| Assignment |
Check every line of the data below for "Kids". Copy each one that has it.

| Data to examine |

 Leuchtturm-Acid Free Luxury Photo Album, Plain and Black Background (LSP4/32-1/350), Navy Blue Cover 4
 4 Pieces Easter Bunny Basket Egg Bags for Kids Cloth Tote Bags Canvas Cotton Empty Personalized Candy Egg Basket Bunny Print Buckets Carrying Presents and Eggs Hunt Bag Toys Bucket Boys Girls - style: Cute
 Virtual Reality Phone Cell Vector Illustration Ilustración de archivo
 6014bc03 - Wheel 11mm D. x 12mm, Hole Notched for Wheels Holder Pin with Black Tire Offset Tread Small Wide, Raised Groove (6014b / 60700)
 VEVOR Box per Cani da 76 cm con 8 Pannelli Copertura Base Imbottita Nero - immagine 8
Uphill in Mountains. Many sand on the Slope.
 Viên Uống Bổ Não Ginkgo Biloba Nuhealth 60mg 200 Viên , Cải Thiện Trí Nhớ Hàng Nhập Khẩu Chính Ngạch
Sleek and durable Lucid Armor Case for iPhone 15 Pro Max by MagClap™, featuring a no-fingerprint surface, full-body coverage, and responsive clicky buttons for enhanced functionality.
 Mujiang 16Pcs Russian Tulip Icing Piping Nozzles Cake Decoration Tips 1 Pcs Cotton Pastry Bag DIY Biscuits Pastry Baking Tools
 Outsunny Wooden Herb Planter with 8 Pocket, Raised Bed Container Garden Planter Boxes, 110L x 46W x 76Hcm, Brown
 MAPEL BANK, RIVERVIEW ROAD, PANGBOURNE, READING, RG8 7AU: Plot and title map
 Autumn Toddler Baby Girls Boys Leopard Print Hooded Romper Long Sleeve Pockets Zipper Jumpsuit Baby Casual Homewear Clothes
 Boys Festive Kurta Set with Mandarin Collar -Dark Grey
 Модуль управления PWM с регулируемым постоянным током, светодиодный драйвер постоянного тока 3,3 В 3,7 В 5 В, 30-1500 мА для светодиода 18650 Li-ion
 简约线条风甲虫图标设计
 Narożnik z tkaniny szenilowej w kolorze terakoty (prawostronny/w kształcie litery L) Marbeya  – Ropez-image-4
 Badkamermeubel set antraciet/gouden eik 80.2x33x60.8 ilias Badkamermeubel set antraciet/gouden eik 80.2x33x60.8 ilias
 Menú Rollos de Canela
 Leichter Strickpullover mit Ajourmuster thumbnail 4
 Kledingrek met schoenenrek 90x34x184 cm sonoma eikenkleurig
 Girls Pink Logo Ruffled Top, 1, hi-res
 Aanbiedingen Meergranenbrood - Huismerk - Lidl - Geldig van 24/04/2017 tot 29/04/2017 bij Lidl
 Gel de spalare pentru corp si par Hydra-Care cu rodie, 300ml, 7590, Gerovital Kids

| Solution for this task |
 4 Pieces Easter Bunny Basket Egg Bags for Kids Cloth Tote Bags Canvas Cotton Empty Personalized Candy Egg Basket Bunny Print Buckets Carrying Presents and Eggs Hunt Bag Toys Bucket Boys Girls - style: Cute
 Gel de spalare pentru corp si par Hydra-Care cu rodie, 300ml, 7590, Gerovital Kids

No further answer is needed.